Opinion: The Supreme Court has put us in a constitutional crisis and a climate crisis. - The Colorado Sun

The Colorado Coalition for a Livable Climate is outraged by the recent Supreme Court decision eviscerating the Environmental Protection Agency’s ability to limit greenhouse gas emissions from power plants.

Kevin Cross and Jan Rose

The decision is an outright attack on Congress that shatters our checks-and-balances system of government. It signals that we are in a constitutional crisis that will impede our ability to tackle the climate emergency. 
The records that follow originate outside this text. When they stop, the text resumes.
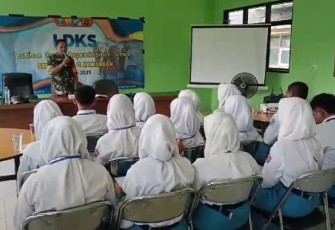 Babinsa Koramil 0801/05 Nawangan Beri Pelatihan LDKS ke Siswa SMK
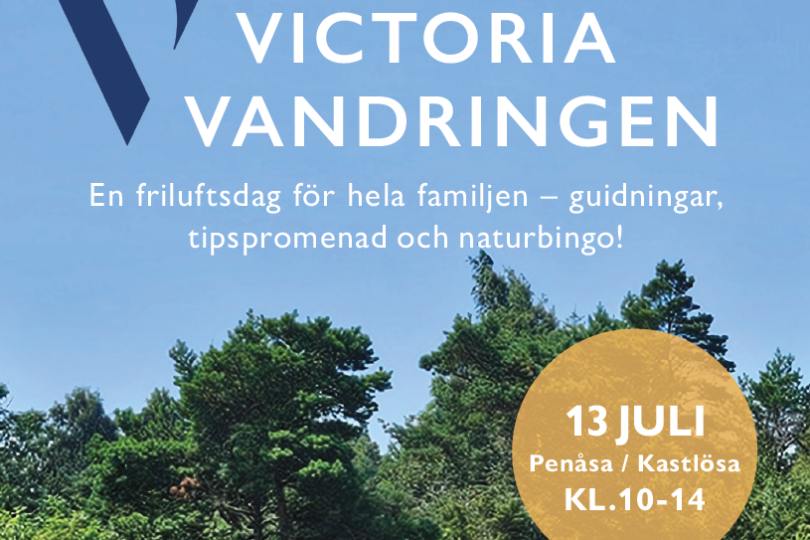 Affisch för “VICTORIA VANDRINGEN” som bjuder in till friluftsdag för hela familjen med guidningar, tipspromenad och naturbingo. Text: “13 JULI Penåsa / Kastlösa KL.10-14”. Bakgrund med blå himmel och gröna träd.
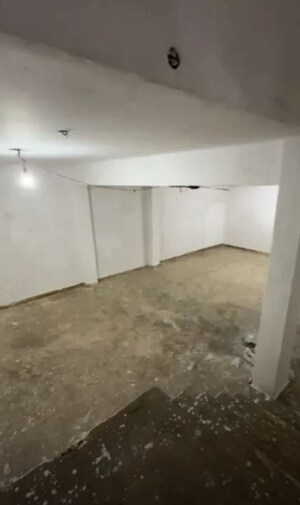 Room in  Warehouse at Husainganj – for Rent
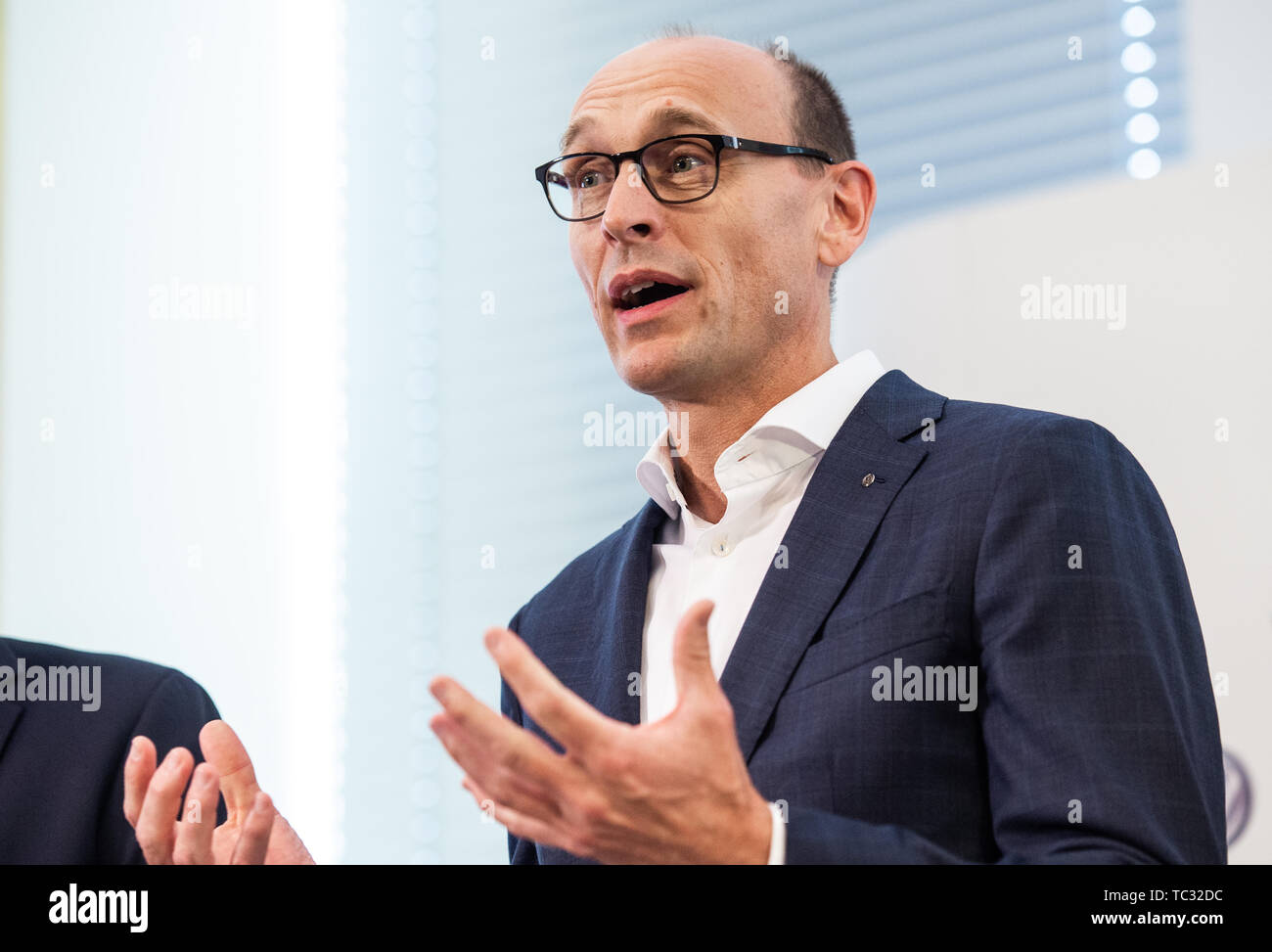 Wolfsburg, Germany. 05th June, 2019. Ralf Brandstätter, CEO of the VW  brand, speaks at a Volkswagen press conference on digitisation, new  mobility services and job security. Credit: Christophe Gateau/dpa/Alamy  Live News Stock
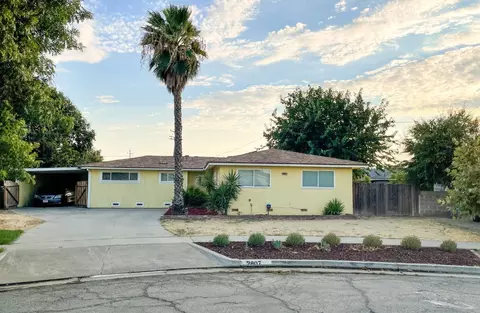 2807 N Hulbert Ave, Fresno, CA 93705
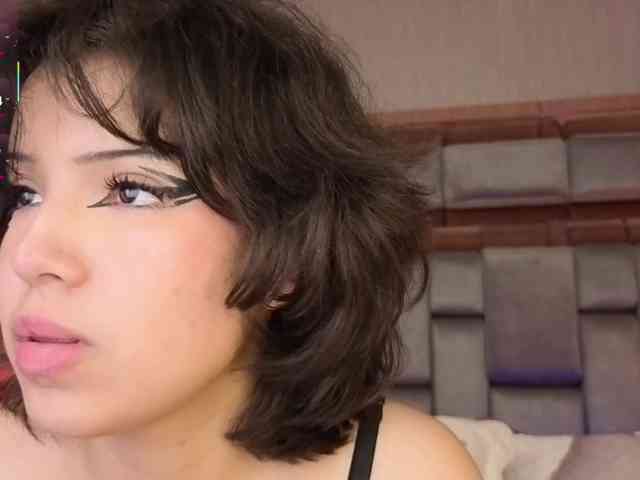 SophieCollins webcam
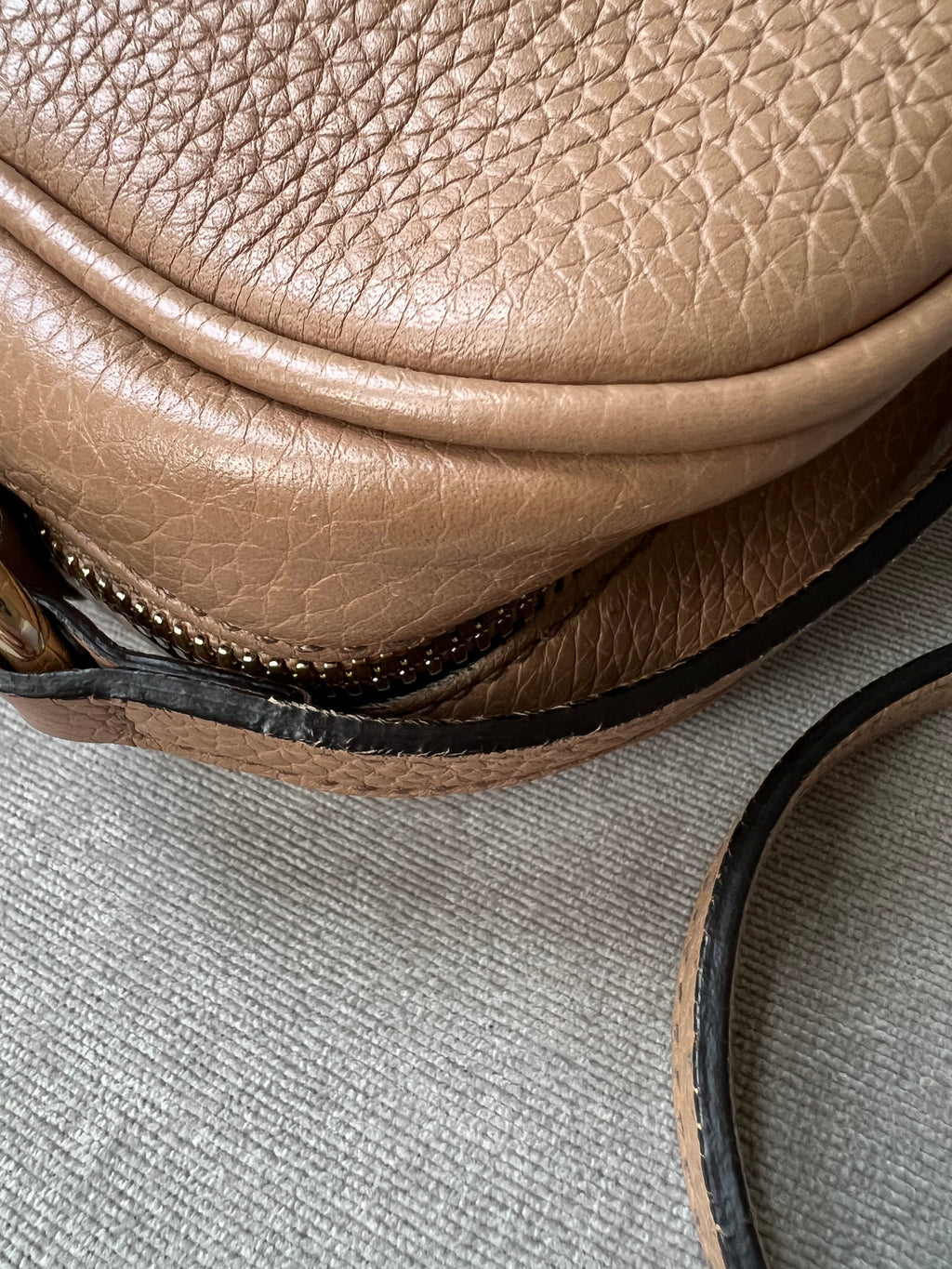 Gucci Rose Beige Soho Disco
There are multiple flaws in the Court’s decision on West Virginia vs. EPA. First, the Court chose to accept a case in which the EPA regulation in question — the Clean Power Plan — was repealed three years ago. That is a clear overreach of its authority. No court should have the ability to resurrect a repealed law or rescinded regulation, just to create new legal precedent at will.

READ: Colorado Sun opinion columnists.

Second, the Court majority abandoned the strict “originalism” to which it otherwise professes fealty and invoked the relatively novel legal theory it has deemed the “major questions” doctrine, that allows the court to engage in judicial activism across any spectrum of society, business, or law. This intrusion into both the executive and legislative branches functions violates the Constitution’s separation of powers. 

Third, the majority’s reasoning calls into question Congress’s ability to legislate and delegate implementation of rules to regulatory agencies with the requisite expertise to protect consumers, workers, and the environment. It is unreasonable to expect legislators to have decades of professional experience in every aspect of a proposed bill.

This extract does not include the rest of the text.